WORDS BY LAURA BEAULNE-STUEBING
Cody Coyote is on a mission to inspire others with hip-hop music.
For a long time, Cody Coyote wasn’t able to talk about his youth and the difficulties he faced as a young Ojibwe man growing up in Ottawa. It was tough to be on the receiving end of racism and he turned to drugs and alcohol.
What he didn’t know during his darkest times was that a recording studio in his old high school would set the stage for his life to change.
When Coyote was a teen he began writing and recording instrumentals with friends. He found music to be the form of expression he needed as a young man facing racism and hardships, channeling feelings and thoughts through songs.
It’s been a long road, but now Coyote is four years sober and travels to First Nations communities to perform and speak about his experiences.
There weren’t many people who looked like him making music when he starting turning out rhymes years ago, but Coyote gravitated towards hip-hop because it spoke to him on a deep, cultural level.
“Hip-hop is ancient,” he said. “A lot of people say it started in the eighties . . . [But] a lot of the traits come from our ancestors.”
MCs are a regular fixture at pow wows, he explained, to welcome dancers and hype up a crowd. Same as in hip-hop. Storytelling, too, is a huge part of Indigenous cultures and many rappers and hip-hop artists are considered storytellers, sharing important, conscious messages about their lives, their own struggles and their communities’ struggles. This is reflected in current hip-hop with artists such as Common and Kendrick Lamar.
“Storytelling is a big aspect of hip-hop, and I see myself as a storyteller,” Coyote said. “I try to paint a picture so [listeners] can see where I’ve been and where I am now.”
Coyote is one of many Indigenous musicians who are working to break stereotypes about Indigenous people and inspire youth to follow their dreams. Over the past few years, artists like the DJs from A Tribe Called Red, Saskatoon rapper Drezus, and the group City Natives from the east coast have been blending inspirational messages and lyrical exploration of the Indigenous experience in Canada with hip-hop beats.
And his efforts haven’t gone unnoticed.
Coyote’s album Lose Control, released in January 2015, was nominated for the best rap/hip-hop CD and the song “Warrior” was nominated for single of the year at the 2015 Indigenous Music Awards.
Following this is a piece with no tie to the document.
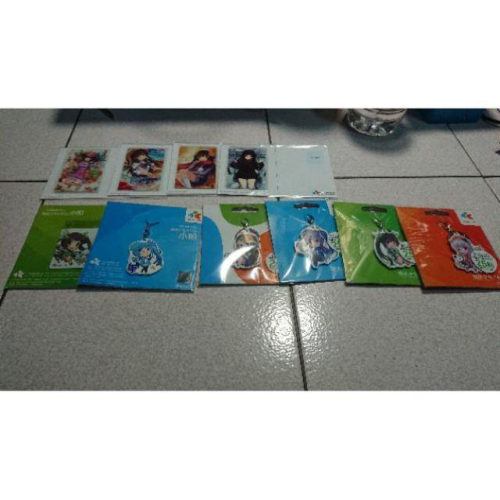 [EMZo大象-一卡通][共27項商品]魔法少女iPASS 小帕 一卡通 入坑套組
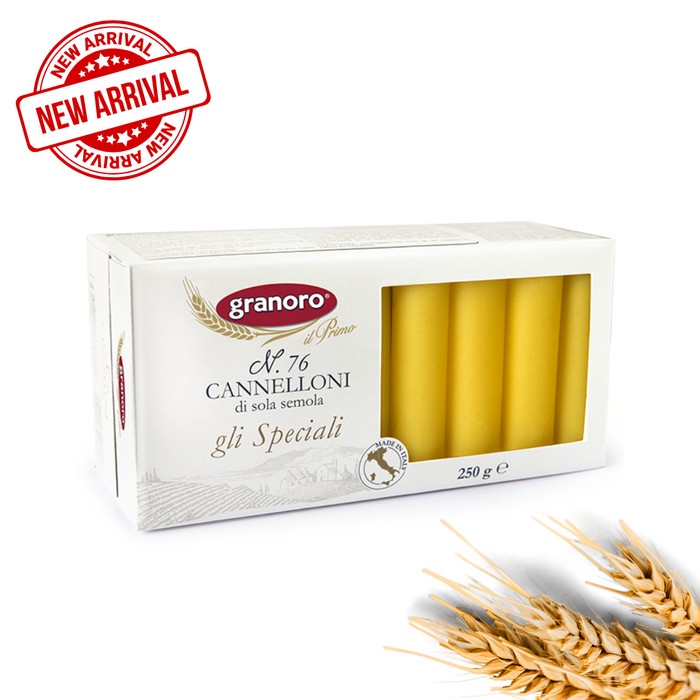 

CANNELLONI GRANORO PASTA 500gr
Coyote said this recognition is motivation to keep going.
“A lot of us know there are struggles in our communities,” he said.
Repercussions from the residential school system, the sixties scoop and generations of trauma have led to dire situations in many First Nations, Métis, and Inuit communities that include poor living conditions and abuse of alcohol and drugs.
By creating music that celebrates his ancestry and the strength of culture, music that’s meant to lift people up instead of tear them down, Coyote said he is trying to be a positive role model for those who may have lost hope. In spite of the negative messages that many Indigenous people hear, and many have ingrained, he believes music is a universal language that can reach anyone if they’ll listen.
“Our voice is the strongest thing we have,” he said. “Use it.”